And now, the steps to the Haber Process:

  1. Nitrogen from the air is combined with hydrogen. The hydrogen is often obtained through a reaction with natural gas and steam. Sometimes it is obtained from cracking, or when a larger molecule is broken down into smaller molecules.
  2. The hydrogen and nitrogen gases are sent to the compressor where they are subjected to 200 atmospheres (or 200 times the pressure you're used to right now)
  3. The pressurized gases are then sent to the converter, which heats the gases to around 450 degrees C. The converter contains iron, which is a catalyst, meaning it aides in the reaction but it isn't used up in the reaction. More specifically, the nitrogen and hydrogen react on the iron's surface. Approximately 15% of the hydrogen and nitrogen become ammonia at this point.
  4. The next stop is the cooling tank where ammonia, hydrogen, and nitrogen are cooled, causing the ammonia to turn into a liquid. This ammonia is collected.
  5. The hydrogen and nitrogen then go back into the converter where more ammonia is produced. It's cooled again and the ammonia is collected. This is repeated several times until most of the hydrogen and nitrogen have been transformed into ammonia.
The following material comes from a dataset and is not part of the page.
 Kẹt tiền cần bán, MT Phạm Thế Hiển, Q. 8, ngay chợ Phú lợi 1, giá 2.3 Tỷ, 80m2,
The steps in the Haber Process

Dynamic Equilibrium

Remember when some of the ammonia turned back into nitrogen and hydrogen gas? Let's delve into that a little more with dynamic equilibrium, or when a reversible reaction reaches a point where the ratio of reactants (or nitrogen and hydrogen gas) to products (or ammonia) does not change. This means that the ratio of reactants to products remains the same.

Why is this important? Well, if you're making ammonia, but some of it changes back into hydrogen and nitrogen gas, it isn't cost-effective.

There is a principle in chemistry referred to as Le Chatelier's Principle, which says you can shift the equilibrium. In other words, by changing things like pressure or temperature, the ammonia manufacturers can shift the equilibrium to the right so when the dynamic equilibrium is reached, more ammonia is produced than would be if those changes were not made.

Make sense? Well, although it seems like a good solution, sometimes what seems easy in chemistry doesn't translate well to the industrial world.

Pressure & Temperature Trade-offs

Let's begin with pressure. If we increase the pressure, the equilibrium will shift to the right, which means we get more ammonia. The problem? Building a facility that can create and withstand high pressures is expensive. You have to have special pipes and tanks, not to mention all of the energy required to generate the immense pressure.

A trade-off is using 200 atmospheres. While more pressure would shift the equilibrium even more, 200 atmospheres is more doable from the standpoint of cost. The 200 atmospheres produces the optimal amount of ammonia when the cost of building and maintaining the facility is considered.